Create an OpenAI connection in the backoffice with your API key. See [Managing Connections](/ai-in-umbraco/backoffice/managing-connections.md).

### 3. Create a Profile

Create a profile with the **Speech-to-Text** capability. Supported models include:

| Model                    | Description                   |
| ------------------------ | ----------------------------- |
| `whisper-1`              | General-purpose transcription |
| `gpt-4o-transcribe`      | Higher accuracy transcription |
| `gpt-4o-mini-transcribe` | Cost-effective transcription  |

## Copilot Voice Input

The Agent Copilot includes a built-in voice input button. When a Speech-to-Text profile is configured, a microphone button appears in the Copilot chat input. Click it to record and transcribe audio into text.
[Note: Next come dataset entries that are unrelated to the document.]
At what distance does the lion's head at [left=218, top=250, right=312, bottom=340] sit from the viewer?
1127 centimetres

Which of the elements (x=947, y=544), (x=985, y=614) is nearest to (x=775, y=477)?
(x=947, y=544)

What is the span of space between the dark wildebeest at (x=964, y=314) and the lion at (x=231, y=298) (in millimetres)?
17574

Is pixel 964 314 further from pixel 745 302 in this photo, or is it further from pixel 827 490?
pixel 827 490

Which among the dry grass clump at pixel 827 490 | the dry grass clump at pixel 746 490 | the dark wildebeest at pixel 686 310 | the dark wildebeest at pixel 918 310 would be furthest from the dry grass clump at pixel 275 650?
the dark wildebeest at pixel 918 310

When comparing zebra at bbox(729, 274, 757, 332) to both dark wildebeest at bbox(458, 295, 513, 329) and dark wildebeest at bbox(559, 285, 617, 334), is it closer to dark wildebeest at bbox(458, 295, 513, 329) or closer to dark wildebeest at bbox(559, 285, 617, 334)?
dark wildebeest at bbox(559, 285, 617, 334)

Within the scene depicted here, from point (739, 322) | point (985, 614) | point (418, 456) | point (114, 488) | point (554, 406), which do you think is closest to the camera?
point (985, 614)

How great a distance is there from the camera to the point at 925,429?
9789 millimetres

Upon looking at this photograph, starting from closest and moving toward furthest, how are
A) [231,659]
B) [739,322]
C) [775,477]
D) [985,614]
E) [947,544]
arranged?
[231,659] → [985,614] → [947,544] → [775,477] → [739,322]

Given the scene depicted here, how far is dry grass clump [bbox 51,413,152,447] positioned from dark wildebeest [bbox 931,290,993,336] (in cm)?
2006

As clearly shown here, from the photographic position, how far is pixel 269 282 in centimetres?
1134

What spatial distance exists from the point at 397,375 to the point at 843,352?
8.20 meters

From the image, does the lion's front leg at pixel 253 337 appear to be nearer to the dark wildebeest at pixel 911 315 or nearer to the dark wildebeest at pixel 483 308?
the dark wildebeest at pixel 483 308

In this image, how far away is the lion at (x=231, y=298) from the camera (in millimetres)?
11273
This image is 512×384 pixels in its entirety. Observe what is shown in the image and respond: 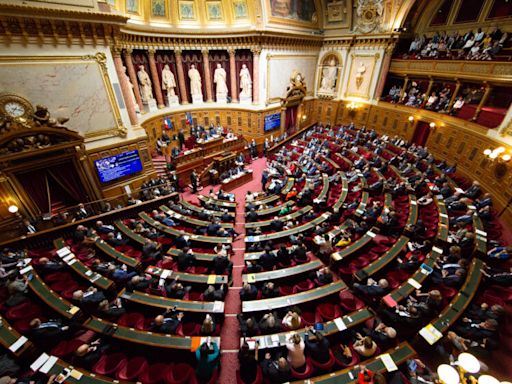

See [Copilot Usage](/ai-in-umbraco/add-ons/agent-copilot/copilot.md) for more details.

## Related

* [Capabilities](/ai-in-umbraco/concepts/capabilities.md) - Available capability types
* [OpenAI Provider](/ai-in-umbraco/providers/openai.md) - Provider with Speech-to-Text support
* [Copilot Usage](/ai-in-umbraco/add-ons/agent-copilot/copilot.md) - Voice input in the Copilot


---

# Agent Instructions: Querying This Documentation

If you need additional information that is not directly available in this page, you can query the documentation dynamically by asking a question.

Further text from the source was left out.